◆ **TASK INSTRUCTIONS**:
Set down the entries below exactly; drop the pictures.

-.-.-

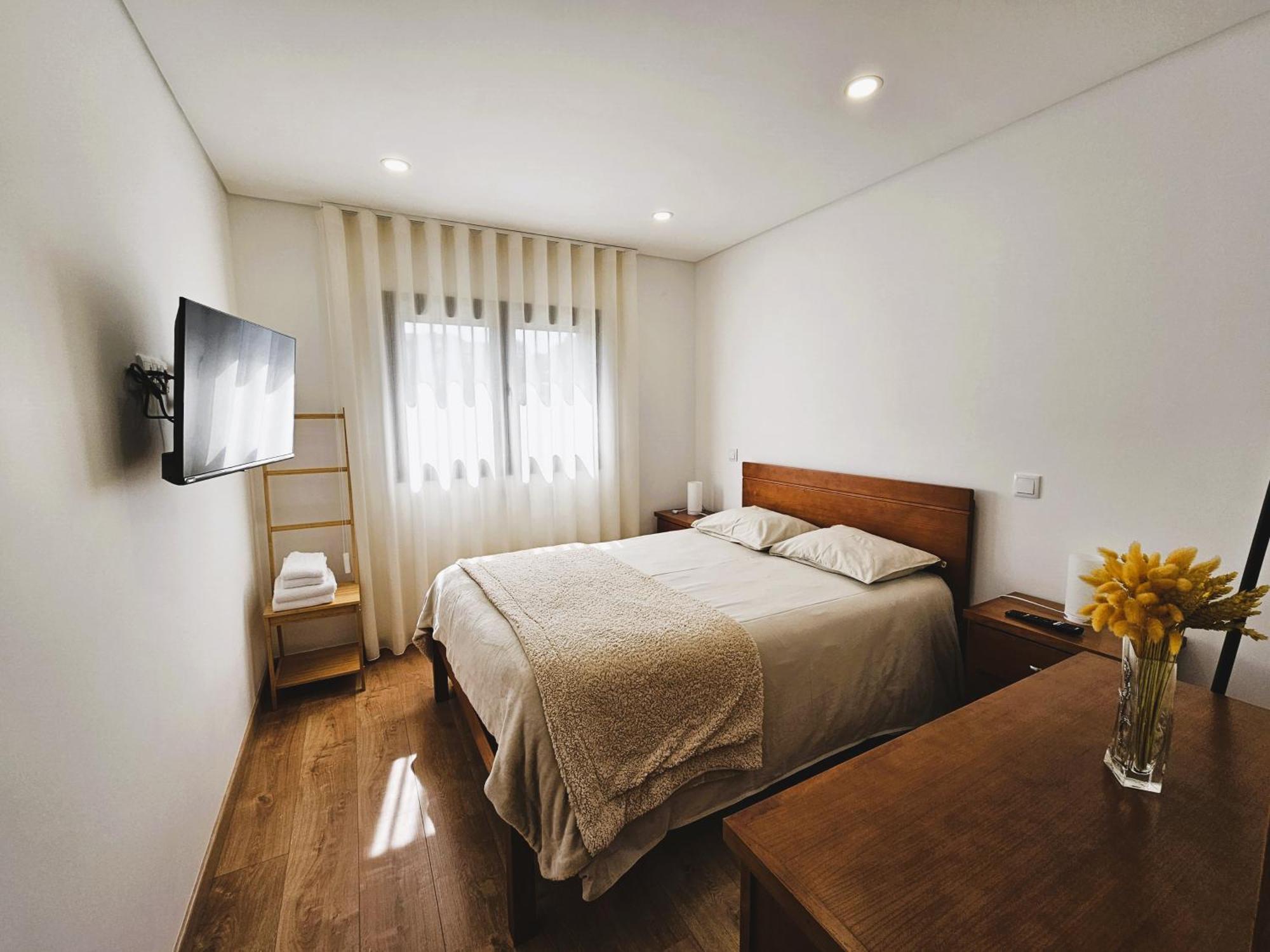 カベセイラス・デ・バストCasa Do Moinhoアパートメント エクステリア 写真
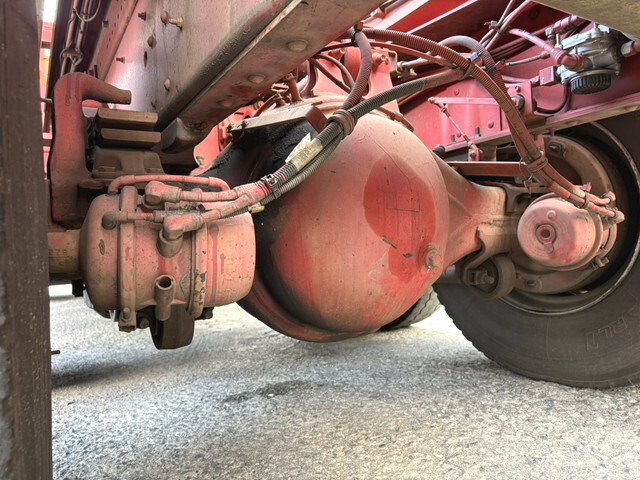 いすゞギガコンテナ専用車大型（10t）[写真24]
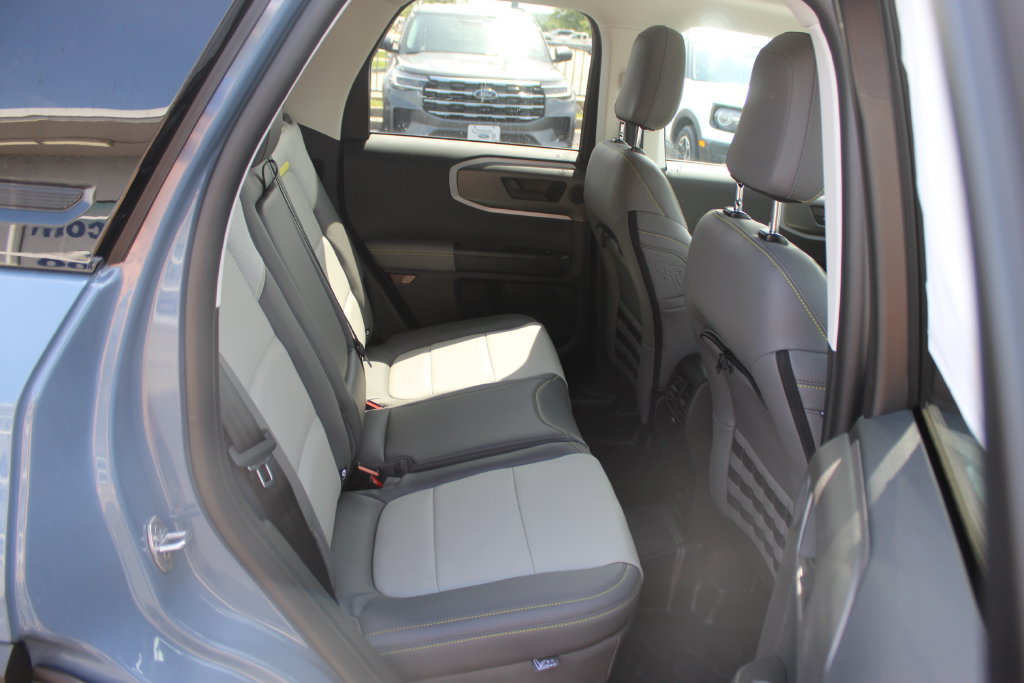 New 2026 Ford Bronco Sport Badlands w/ Sasquatch Badlands Package AWD/4WD image 18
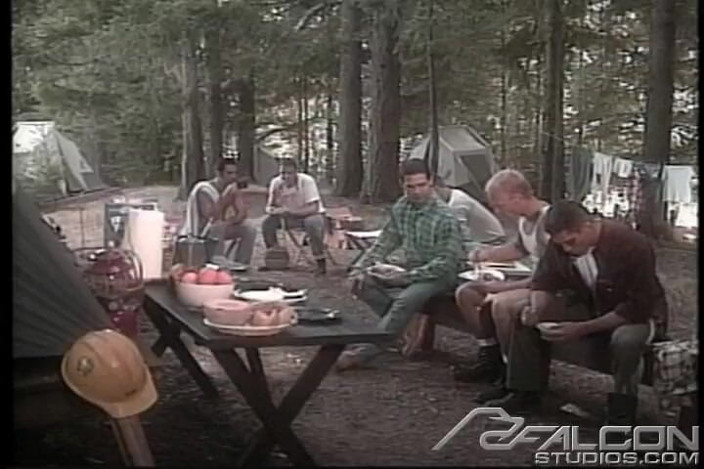 Falcon Studios: Wild Country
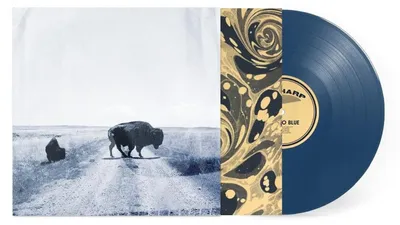 Produktbild von Big Harp: Runs To Blue (Blue Vinyl)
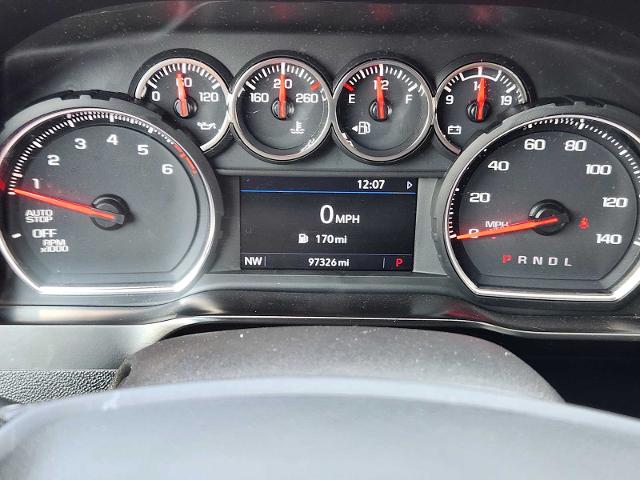 2020 Chevrolet Silverado 1500 Vehicle Photo in DENTON, TX 76210-9321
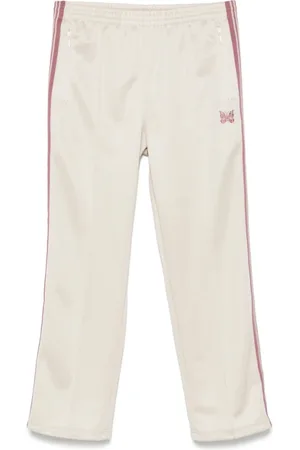 Pins & Needles Homme, Pantalons, , Taille: XL Pantalon avec taille élastique et rayures latérales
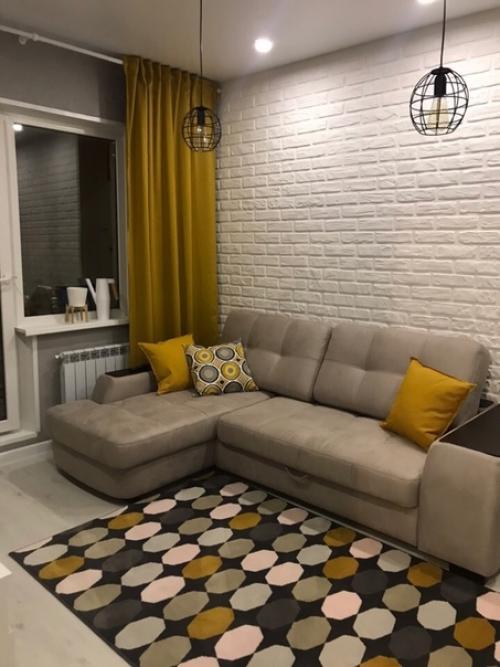 Ну собственно вот так преобразили свою гостинную. 04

-.-.-

◆ **RESULT BELOW**:
 カベセイラス・デ・バストCasa Do Moinhoアパートメント エクステリア 写真
 いすゞギガコンテナ専用車大型（10t）[写真24]
 New 2026 Ford Bronco Sport Badlands w/ Sasquatch Badlands Package AWD/4WD image 18
 Falcon Studios: Wild Country
 Produktbild von Big Harp: Runs To Blue (Blue Vinyl)
 2020 Chevrolet Silverado 1500 Vehicle Photo in DENTON, TX 76210-9321
 Pins & Needles Homme, Pantalons, , Taille: XL Pantalon avec taille élastique et rayures latérales
 Ну собственно вот так преобразили свою гостинную. 04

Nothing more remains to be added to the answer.